I have been bad about posting pictures. Here are 3 pictures of my Bachmann 4-4-0 with Jim Miller's green C-16. I really like how this 4-4-0 runs, and think the C-16 and the 4-4-0 look good together. They are hauling some heavy 1/29 scale trains, too! 










Off they go. 









I like this view of the C-16. Even though the 100 ton hopper dwarfs it, I still like it!! And that's Jim's sound hopper. He's got them set up so that he can just program whatever sound he wants and then presto! every engine has sound! 










OK guys, I am sorry the poor quality of these pictures. I was wrangling Luke, so I did what I could. I just wanted to share a bit with you guys my new locomotive and another new-old locomotive! 

And yes, Kevin S., David F, and all the rest, that 4-4-0 is the one I was planning to repaint. Too bad MB saw it and told me to keep it BLUE!! 

Mark


----------



## Dave F (Jan 2, 2008)

I dunno.. I think it looks fine in blue/green.. Unless of course you were planning on repainting it as the "Wild Wild West" loco.. (That'd be cool).


----------



## Torby (Jan 2, 2008)

I like the blue.


----------



## markoles (Jan 2, 2008)

Dave, 

The C-16 is not mine, but that's a similar scheme to what I'd like. Mine is the blue 4-4-0 with the brown cab and black tender. 
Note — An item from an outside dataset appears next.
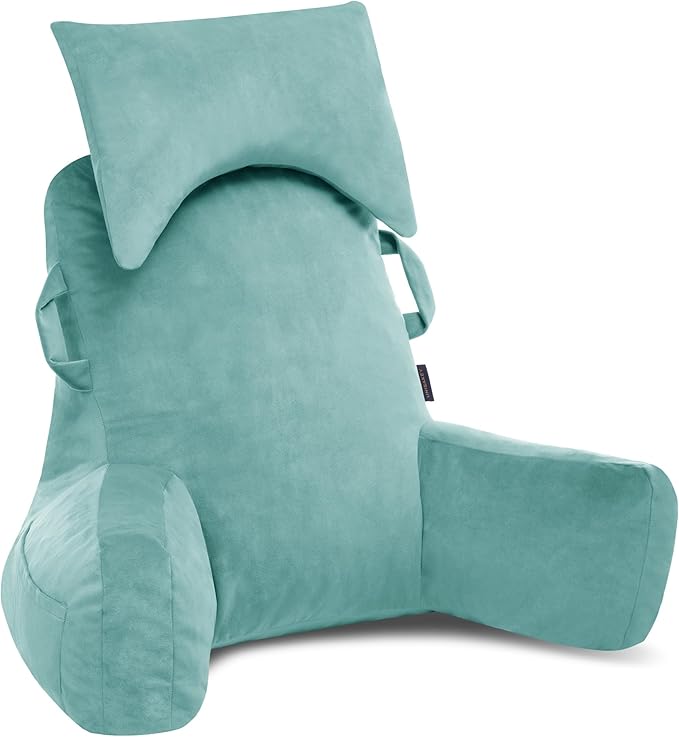 Portable Reading Pillows with Headrest for Bed Sitting Up(Lake Blue Oeko-Tex), Velvet Back Pillow with Arms & Pockets for Adults, Support Memory Foam Bed Pillow for Dorm/Watching/Gaming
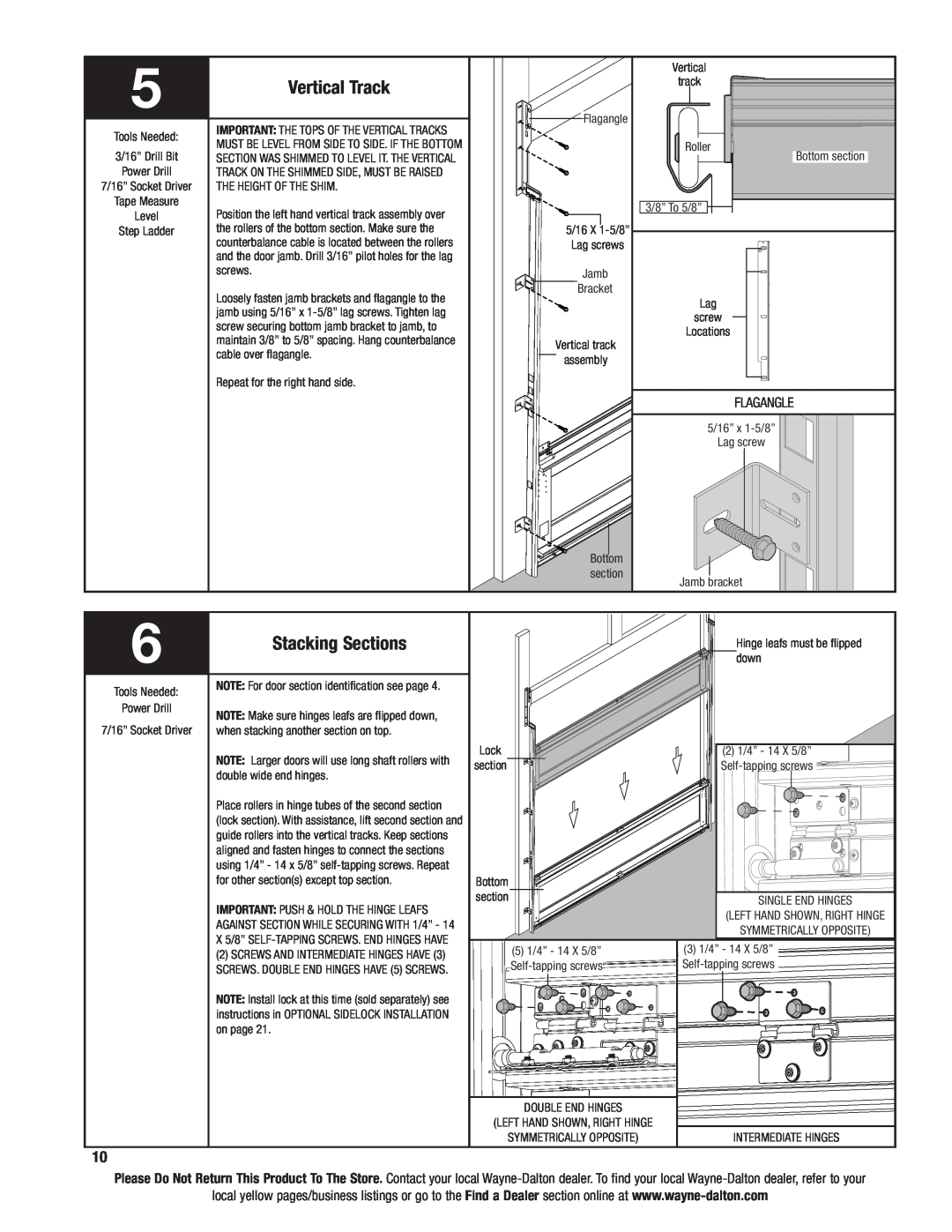 Wayne-Dalton 6100 installation instructions Vertical Track, Stacking Sections, Flagangle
Tom, MB agrees with you. She likes the blue boiler (If its wrong, she doesn't want to be right!), so I may end up with this engine as is for a while. 

Mark


----------



## Enginear (Jul 29, 2008)

Looks really good to me. Nice layout. Are you running with track or battery power? Joe


----------



## markoles (Jan 2, 2008)

That's Jim Miller's Cajun Queen, and its track powered, trackside TE's, 10 Amp Ultima supplies. The 100-ton hoppers have the sound units for the steam engines with the onboard TE to trigger the sounds. Pretty cool set up. 

Mark


----------



## Stan Cedarleaf (Jan 2, 2008)

Mark, I like the color as it is.... Looks very prototypical....


----------